[[ PROVIDED DATA, beginning ]]

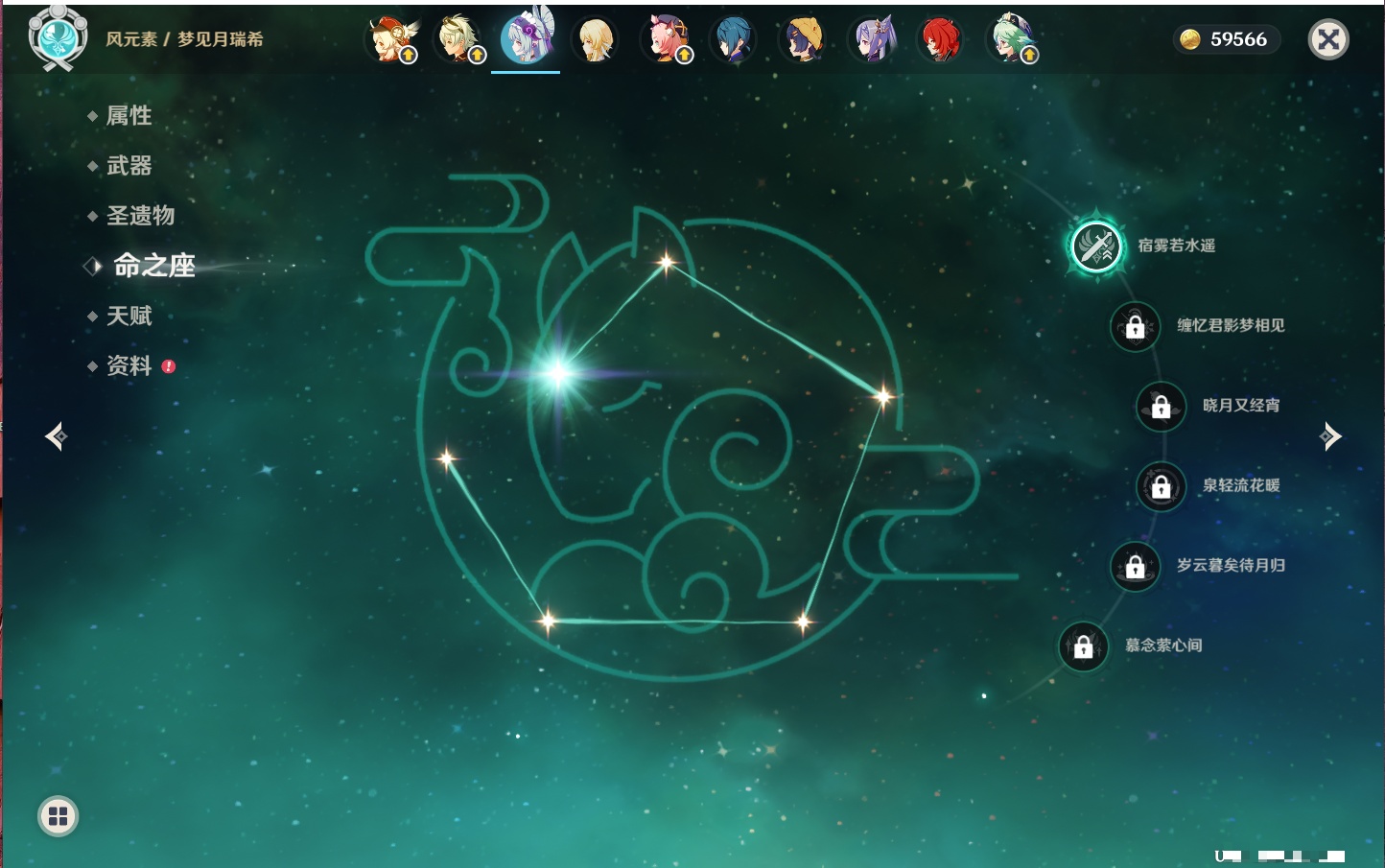 YSMK316568原神账号详情图71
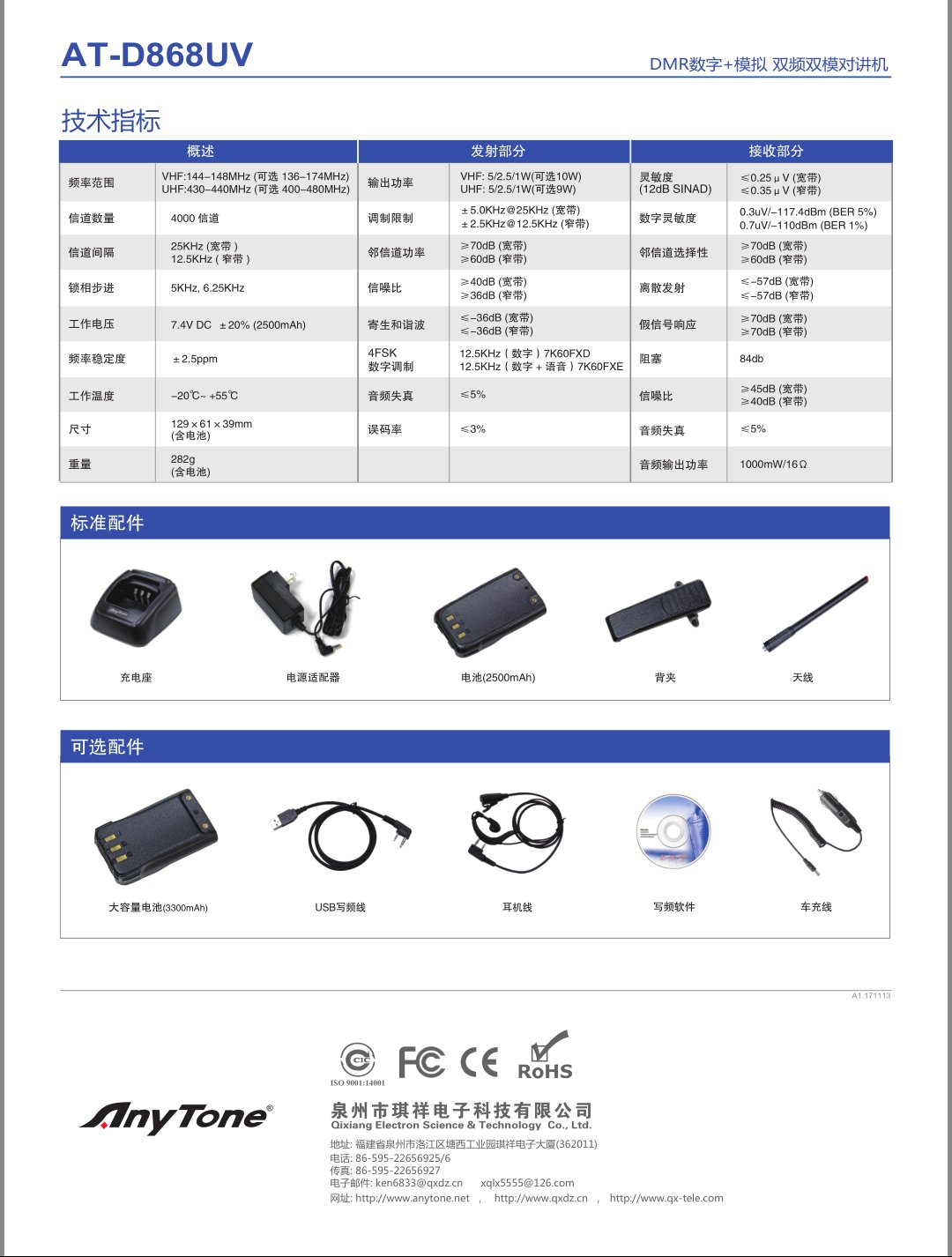 DMR雙頻雙模數(shù)字對(duì)講機(jī)AT-868UV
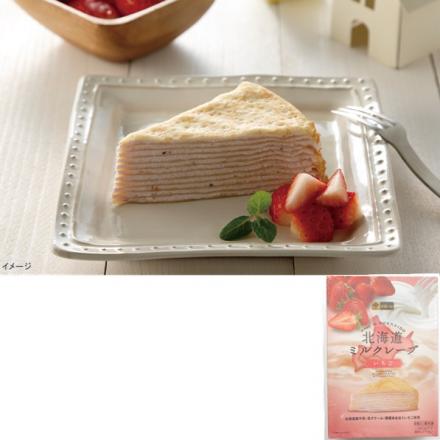 カフェファディ Online Shop 九州コクボ 北海道ミルクレープ いちご 4個 3g カフェファディ Online Shop 九州コクボ 北海道ミルクレープ いちご 4個 3g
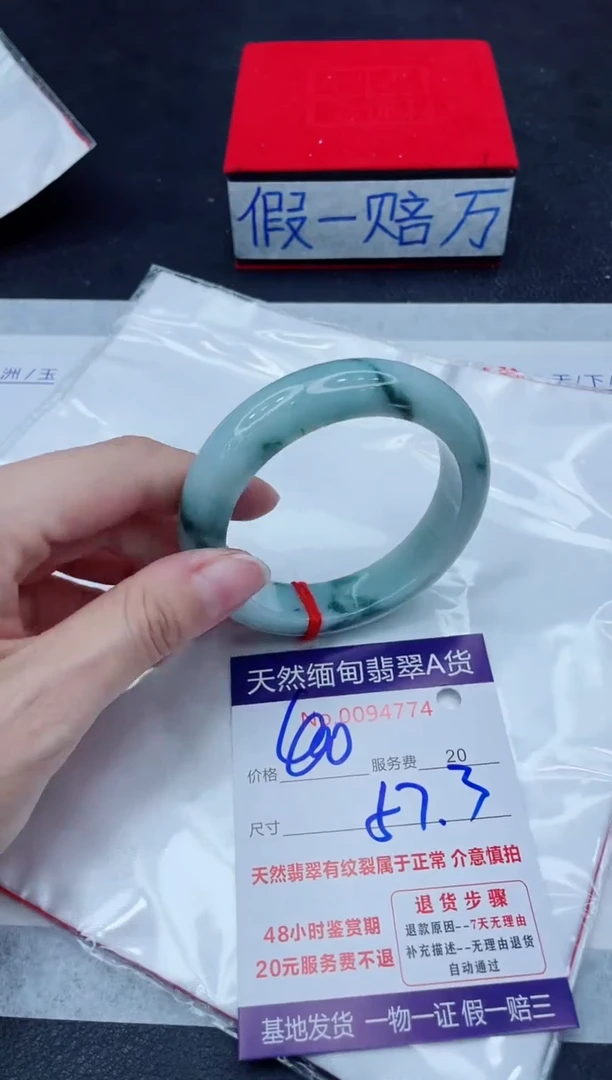 未镶嵌手镯翡翠1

[[ PROVIDED DATA, end ]]

## WORK TO BE COMPLETED
Please retype the whole listing above exactly, without any of its images.

## EXERCISE OUTPUT
 YSMK316568原神账号详情图71
 DMR雙頻雙模數(shù)字對(duì)講機(jī)AT-868UV
 カフェファディ Online Shop 九州コクボ 北海道ミルクレープ いちご 4個 3g カフェファディ Online Shop 九州コクボ 北海道ミルクレープ いちご 4個 3g
 未镶嵌手镯翡翠1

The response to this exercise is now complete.